Shogun 2, Civ 5, Starcraft II says hello


----------



## Easy Rhino (Apr 4, 2011)

Fourstaff said:


> Shogun 2, Civ 5, Starcraft II says hello



you dont need this new cpu to play any of those games.


----------



## Fourstaff (Apr 4, 2011)

Easy Rhino said:


> you dont need this new cpu to play any of those games.



Since when did TPU care about need?


----------



## Easy Rhino (Apr 4, 2011)

Fourstaff said:


> Since when did TPU care about need?



im not going to get into a debate about what people need. im talking about what games require in order to play them. and they do not require this kind of horsepower. a fast dual core with a $200 gpu work just fine for almost all of the games out there these days. the hardware is far out-pacing software. we have seen this trend in the past couple of years with games being the best indicator.


----------



## erocker (Apr 4, 2011)

Fourstaff said:


> Since when did TPU care about need?



Since when are we all one collective mind?


----------



## mlee49 (Apr 4, 2011)

Audios X58 platform, you'll still be strong throughout 2011 and probably hang around for another year or two.

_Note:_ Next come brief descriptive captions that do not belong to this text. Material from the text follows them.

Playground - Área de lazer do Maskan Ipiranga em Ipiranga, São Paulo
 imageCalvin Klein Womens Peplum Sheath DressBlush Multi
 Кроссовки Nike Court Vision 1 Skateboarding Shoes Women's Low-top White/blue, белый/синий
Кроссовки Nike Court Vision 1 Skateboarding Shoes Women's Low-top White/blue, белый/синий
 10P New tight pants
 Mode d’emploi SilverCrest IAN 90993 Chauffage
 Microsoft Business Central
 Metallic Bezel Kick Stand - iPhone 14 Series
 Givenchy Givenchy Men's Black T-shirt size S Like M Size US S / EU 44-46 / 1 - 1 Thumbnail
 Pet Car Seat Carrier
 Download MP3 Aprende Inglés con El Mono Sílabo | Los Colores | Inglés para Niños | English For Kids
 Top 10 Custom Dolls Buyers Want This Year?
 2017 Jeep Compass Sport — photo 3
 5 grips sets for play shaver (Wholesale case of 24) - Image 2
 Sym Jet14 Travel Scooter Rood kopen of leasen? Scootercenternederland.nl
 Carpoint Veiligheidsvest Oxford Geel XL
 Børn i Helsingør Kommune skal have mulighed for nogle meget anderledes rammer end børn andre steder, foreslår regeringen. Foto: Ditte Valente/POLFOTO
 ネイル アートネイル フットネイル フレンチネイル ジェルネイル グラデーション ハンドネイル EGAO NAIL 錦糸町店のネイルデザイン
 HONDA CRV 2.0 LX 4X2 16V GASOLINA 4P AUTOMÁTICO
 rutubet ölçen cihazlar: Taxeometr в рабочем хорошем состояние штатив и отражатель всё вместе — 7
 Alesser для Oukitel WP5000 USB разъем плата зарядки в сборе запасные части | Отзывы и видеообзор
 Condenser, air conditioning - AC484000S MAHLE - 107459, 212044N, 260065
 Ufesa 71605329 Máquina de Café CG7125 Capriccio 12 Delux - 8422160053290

My 970 will keep me going through 2012 and probably give me some funds to begin another build then.

Wonder if the new chips will use some of the new technologies SB acquired(ie Intel AVX: 
http://software.intel.com/en-us/avx/


----------



## Fourstaff (Apr 4, 2011)

erocker said:


> Since when are we all one collective mind?



I think we are getting a bit off topic here, but the gist is that I think there will be games which can potentially benefit from the 995x to counter Easy's sarcasm, and somehow it morphed to this. Still, a lot of TPU users have rigs more powerful than they need, hence the over generalisation.


----------



## btarunr (Apr 4, 2011)

Easy Rhino said:


> ooo look! a shiny new CPU to play all your console ports on



Or chase benchmark records on.


----------



## Undead46 (Apr 4, 2011)

Anybody else notice that ridiculous VCore in that image?


----------



## Taskforce (Apr 4, 2011)

Easy Rhino said:


> im not going to get into a debate about what people need. im talking about what games require in order to play them. and they do not require this kind of horsepower. a fast dual core with a $200 gpu work just fine for almost all of the games out there these days. the hardware is far out-pacing software. we have seen this trend in the past couple of years with games being the best indicator.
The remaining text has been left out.